Otro momento único, es cuando me
piden un afeitado, y puedo usar las toallas calientes. Tener a un hombre con la
imagen de su cara tapada, ablandando la barba, me produce una sensación de
poder absoluto. Posteriormente entran en escena las brochas, con el jabón de
afeitar, y mi navaja barbera. Me hace encogerme un centímetro en los talones,
adentrándome en el olor a secretos, que yo pudiera desvelar.
No tengo hijos. De hecho no me he
casado, pero tengan por seguro, que si mi hijo quisiera seguir mis pasos, le
animaría a cambiar de oficio. Porque en mi barbería se oyen muchas cosas, se
imaginan en gran cantidad, pero se viven muchas menos experiencias de las que
yo creo que acabarán por suceder.
Cuando llegó el señor canoso, con
barba de unos días, y unas ojeras malvas, me sentí tentado de ofrecerle una
toalla caliente empapada en cloroformo, para permitir su descanso.

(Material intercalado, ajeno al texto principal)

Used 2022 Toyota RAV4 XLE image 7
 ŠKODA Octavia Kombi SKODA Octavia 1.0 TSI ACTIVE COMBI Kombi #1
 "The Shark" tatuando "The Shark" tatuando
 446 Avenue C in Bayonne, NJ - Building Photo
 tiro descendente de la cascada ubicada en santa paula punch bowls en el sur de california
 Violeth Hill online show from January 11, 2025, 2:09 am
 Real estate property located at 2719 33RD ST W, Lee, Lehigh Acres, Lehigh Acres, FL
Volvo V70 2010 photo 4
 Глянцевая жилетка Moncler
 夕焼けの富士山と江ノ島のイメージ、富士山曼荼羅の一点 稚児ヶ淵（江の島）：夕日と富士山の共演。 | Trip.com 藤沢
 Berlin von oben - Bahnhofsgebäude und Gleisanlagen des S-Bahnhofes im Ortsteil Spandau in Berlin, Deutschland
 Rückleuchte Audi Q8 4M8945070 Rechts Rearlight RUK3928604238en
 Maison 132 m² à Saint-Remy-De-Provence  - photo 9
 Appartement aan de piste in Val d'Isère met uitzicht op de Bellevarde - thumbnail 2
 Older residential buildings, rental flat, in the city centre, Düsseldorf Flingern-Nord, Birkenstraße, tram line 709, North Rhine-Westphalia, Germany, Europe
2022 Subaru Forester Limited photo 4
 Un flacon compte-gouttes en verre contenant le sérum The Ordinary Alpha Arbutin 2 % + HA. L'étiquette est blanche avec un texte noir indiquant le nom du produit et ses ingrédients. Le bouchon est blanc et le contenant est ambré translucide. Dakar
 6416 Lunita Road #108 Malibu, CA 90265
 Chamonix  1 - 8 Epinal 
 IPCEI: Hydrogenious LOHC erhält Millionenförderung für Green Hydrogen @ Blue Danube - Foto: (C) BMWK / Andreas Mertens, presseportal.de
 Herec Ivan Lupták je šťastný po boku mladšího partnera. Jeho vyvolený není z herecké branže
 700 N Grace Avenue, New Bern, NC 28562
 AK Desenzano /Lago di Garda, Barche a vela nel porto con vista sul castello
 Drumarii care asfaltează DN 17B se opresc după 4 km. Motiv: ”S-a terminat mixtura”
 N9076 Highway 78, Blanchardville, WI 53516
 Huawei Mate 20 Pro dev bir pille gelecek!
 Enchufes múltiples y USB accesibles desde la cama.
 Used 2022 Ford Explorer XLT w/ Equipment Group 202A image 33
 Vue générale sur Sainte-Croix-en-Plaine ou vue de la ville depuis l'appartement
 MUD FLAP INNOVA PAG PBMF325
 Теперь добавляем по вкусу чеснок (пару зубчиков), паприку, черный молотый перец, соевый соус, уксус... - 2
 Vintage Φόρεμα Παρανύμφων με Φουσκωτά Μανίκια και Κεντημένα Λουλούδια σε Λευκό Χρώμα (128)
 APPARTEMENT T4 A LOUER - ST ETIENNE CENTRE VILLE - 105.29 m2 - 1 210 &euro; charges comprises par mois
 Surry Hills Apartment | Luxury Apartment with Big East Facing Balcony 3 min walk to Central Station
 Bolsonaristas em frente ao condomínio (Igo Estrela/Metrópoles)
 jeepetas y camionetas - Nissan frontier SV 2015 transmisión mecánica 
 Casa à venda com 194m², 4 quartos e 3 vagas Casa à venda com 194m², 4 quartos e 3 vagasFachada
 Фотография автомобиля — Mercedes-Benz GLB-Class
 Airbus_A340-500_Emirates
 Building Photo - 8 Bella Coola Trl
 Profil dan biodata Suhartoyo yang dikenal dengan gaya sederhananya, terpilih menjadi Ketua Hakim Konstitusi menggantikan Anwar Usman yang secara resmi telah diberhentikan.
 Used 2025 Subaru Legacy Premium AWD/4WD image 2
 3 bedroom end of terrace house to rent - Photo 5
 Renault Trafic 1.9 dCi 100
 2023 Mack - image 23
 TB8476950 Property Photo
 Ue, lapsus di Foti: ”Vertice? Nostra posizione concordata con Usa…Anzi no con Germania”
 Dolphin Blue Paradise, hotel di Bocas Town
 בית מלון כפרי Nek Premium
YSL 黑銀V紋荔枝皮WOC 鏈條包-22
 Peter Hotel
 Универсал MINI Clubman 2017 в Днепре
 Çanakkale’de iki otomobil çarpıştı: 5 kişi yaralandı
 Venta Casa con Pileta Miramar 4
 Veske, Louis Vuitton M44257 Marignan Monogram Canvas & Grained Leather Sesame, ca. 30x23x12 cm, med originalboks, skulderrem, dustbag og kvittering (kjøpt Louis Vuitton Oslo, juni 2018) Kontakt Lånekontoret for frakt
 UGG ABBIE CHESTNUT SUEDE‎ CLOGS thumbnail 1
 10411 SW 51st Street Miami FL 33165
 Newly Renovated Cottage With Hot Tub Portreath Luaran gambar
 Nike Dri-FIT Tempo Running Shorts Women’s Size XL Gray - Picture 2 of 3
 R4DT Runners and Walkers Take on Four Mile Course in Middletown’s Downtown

Se tomó a bien que le ofreciera
afeitarle. No, no teman, que no tengo cloroformo en la barbería. Pero le vi tan
relajado, tras la toalla que había aderezado con unas gotas de aceite de
almendras...que jugué con mi navaja ante su cuello.
Llegué a tenerla a un par de
centímetros de su piel tensa por la extensión de las cervicales. Parecía roncar
flojito, así que, ante la ausencia de nadie en el local, y tras cerrar las
cortinas de la ventana, acerqué un poco más el filo. Un poco más unos minutos
después, pero eso no debo decirlo.
Era una tentación que nacía bajo
mis manos, por primera vez, pero tan poderosa que me tenía hipnotizado. No
miraba su bolso, ni la billetera que asomaba del bolsillo interior de su
chaqueta colgada, sólo podía mirar la nuez que iba haciendo unos movimientos
rítmicos y pausados.
Tuvimos la suerte de que sonara
su móvil. Salí precipitadamente de un estado anómalo, para decir.-¿todo Bien?,
mientras le ayudaba a quitarse la toalla de la cara.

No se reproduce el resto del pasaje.